--- INFORMATION SHOWN ---

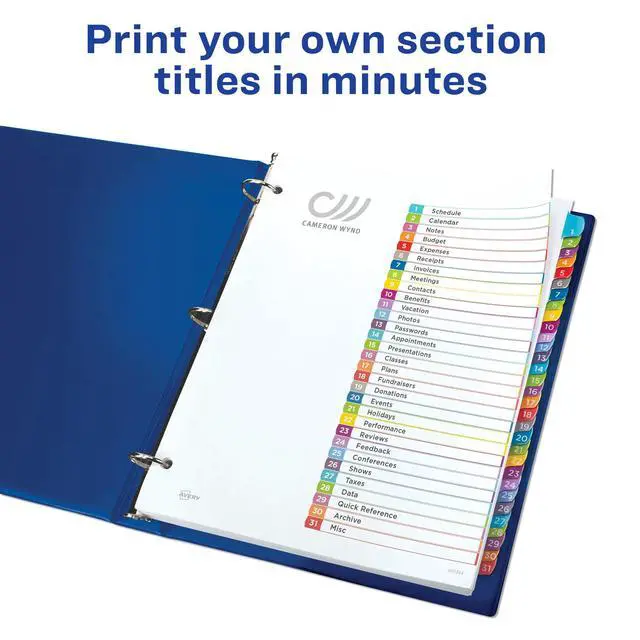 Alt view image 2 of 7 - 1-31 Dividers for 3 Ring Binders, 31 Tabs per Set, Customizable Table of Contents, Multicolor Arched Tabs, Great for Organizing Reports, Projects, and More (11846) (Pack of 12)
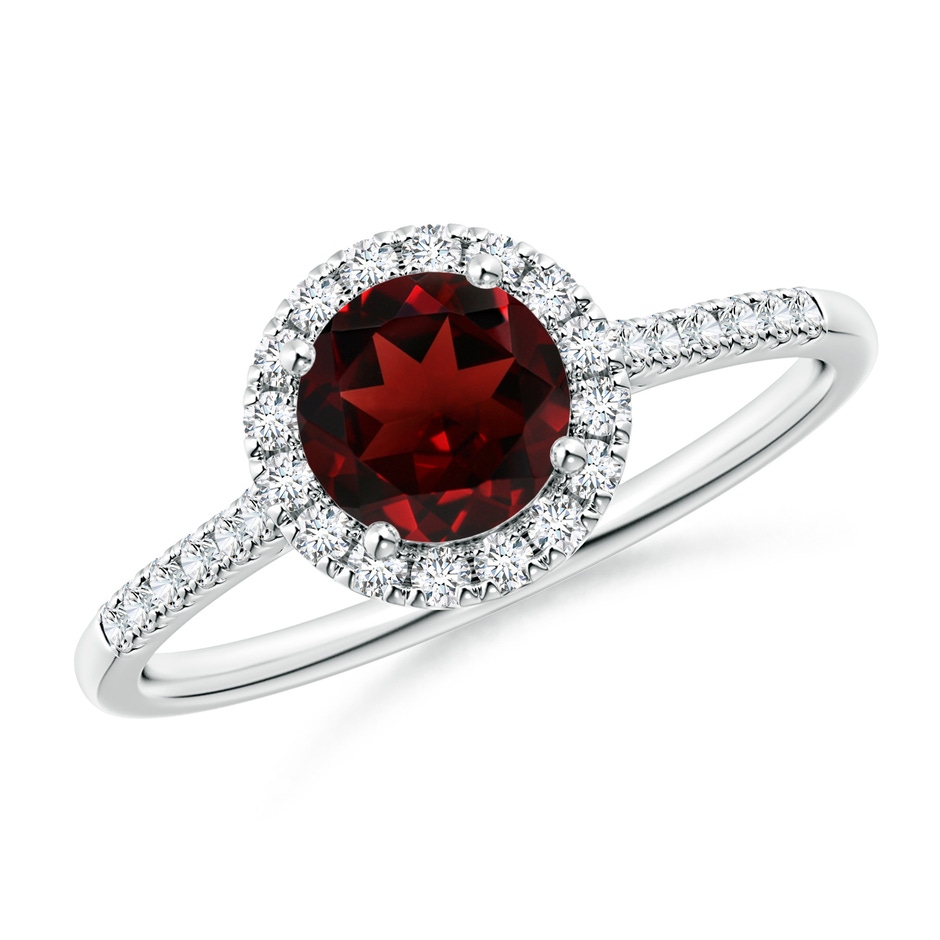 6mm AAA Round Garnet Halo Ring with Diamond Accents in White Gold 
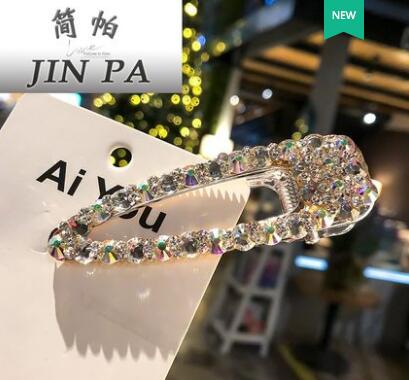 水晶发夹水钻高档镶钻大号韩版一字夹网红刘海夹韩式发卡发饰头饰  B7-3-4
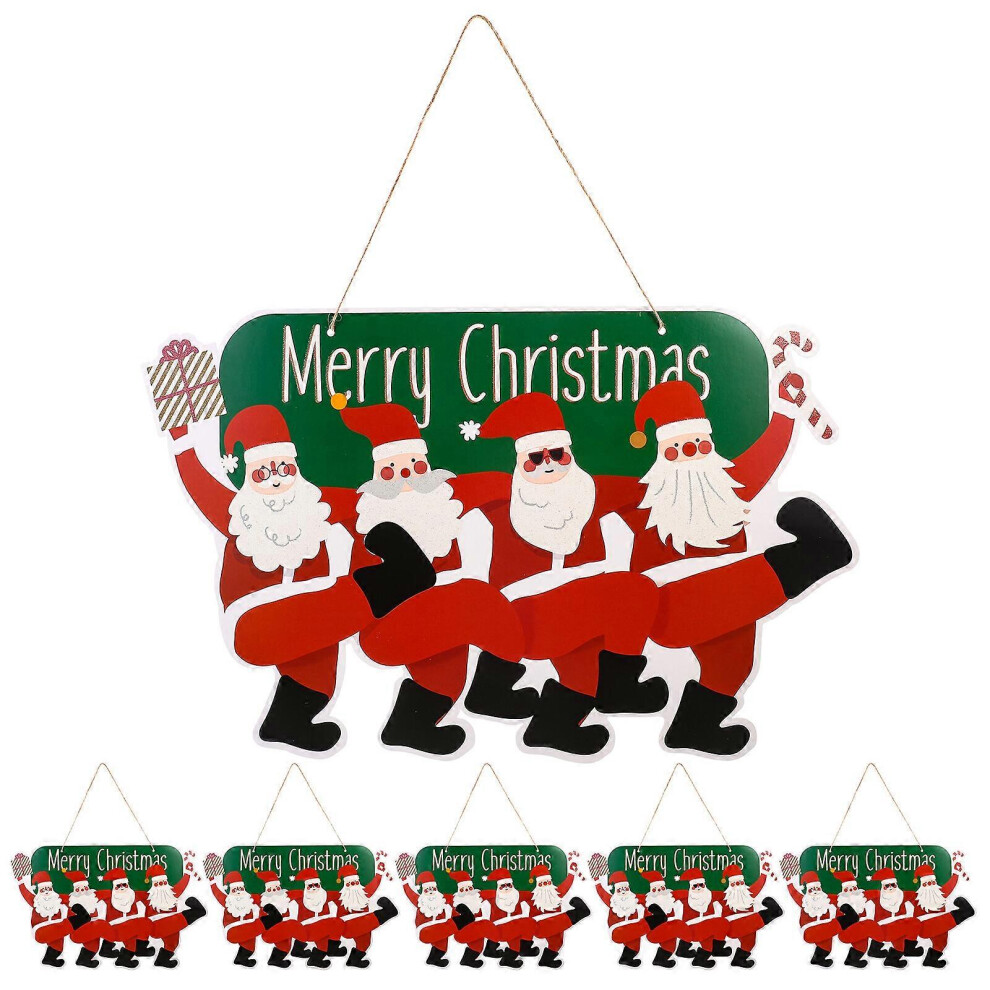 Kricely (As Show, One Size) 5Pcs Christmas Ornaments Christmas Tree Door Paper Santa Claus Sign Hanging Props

---

▸ **WHAT THE TASK REQUIRES**: An exact copy of the listing is required, excluding any pictures.

▸ **REPLY TO THE TASK**:
 Alt view image 2 of 7 - 1-31 Dividers for 3 Ring Binders, 31 Tabs per Set, Customizable Table of Contents, Multicolor Arched Tabs, Great for Organizing Reports, Projects, and More (11846) (Pack of 12)
 6mm AAA Round Garnet Halo Ring with Diamond Accents in White Gold 
 水晶发夹水钻高档镶钻大号韩版一字夹网红刘海夹韩式发卡发饰头饰  B7-3-4
 Kricely (As Show, One Size) 5Pcs Christmas Ornaments Christmas Tree Door Paper Santa Claus Sign Hanging Props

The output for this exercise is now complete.